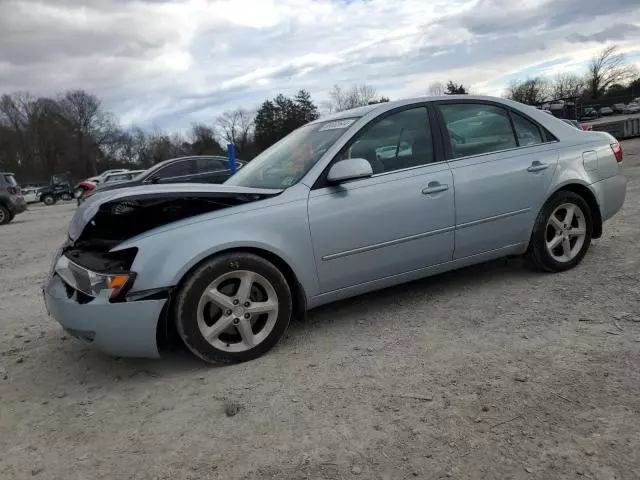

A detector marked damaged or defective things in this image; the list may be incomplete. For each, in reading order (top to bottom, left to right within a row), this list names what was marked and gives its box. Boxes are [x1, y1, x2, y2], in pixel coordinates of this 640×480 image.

damaged front end [56, 184, 282, 304]
crumpled hood [67, 183, 282, 242]
damaged front bumper [42, 246, 166, 358]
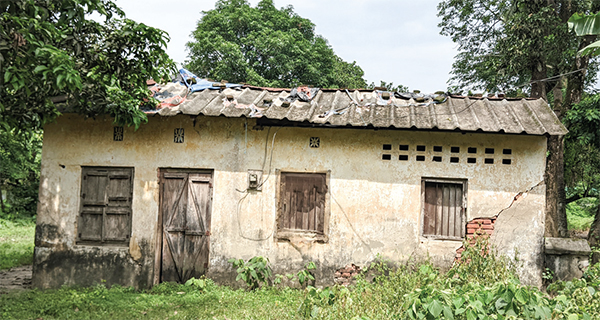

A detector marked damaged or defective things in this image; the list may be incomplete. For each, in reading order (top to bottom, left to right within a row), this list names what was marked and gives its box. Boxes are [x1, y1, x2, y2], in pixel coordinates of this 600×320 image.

peeling plaster wall [34, 114, 548, 288]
*-*-*
§ **Exercise prompt**: Every record, from top to bottom, gets written out exactly; no picture goes into the copy.

§ **Exercise result**:
A detector marked damaged or defective things in this image; the list may be incomplete. For each, in reading order (top to bottom, left to right within a row), this list names what was marked and gives its box. Boxes are [x1, y1, x2, y2], in pixel coordinates of this 640×480 image.

damaged front end [56, 184, 282, 304]
crumpled hood [67, 183, 282, 242]
damaged front bumper [42, 246, 166, 358]

A detector marked damaged or defective things in this image; the list may be incomplete. For each, in reading order (top to bottom, left to right within a row), this list names what was marked and gives its box. Boxes are [x1, y1, x2, y2], in pixel coordinates of this 600×320 image.

peeling plaster wall [34, 114, 548, 288]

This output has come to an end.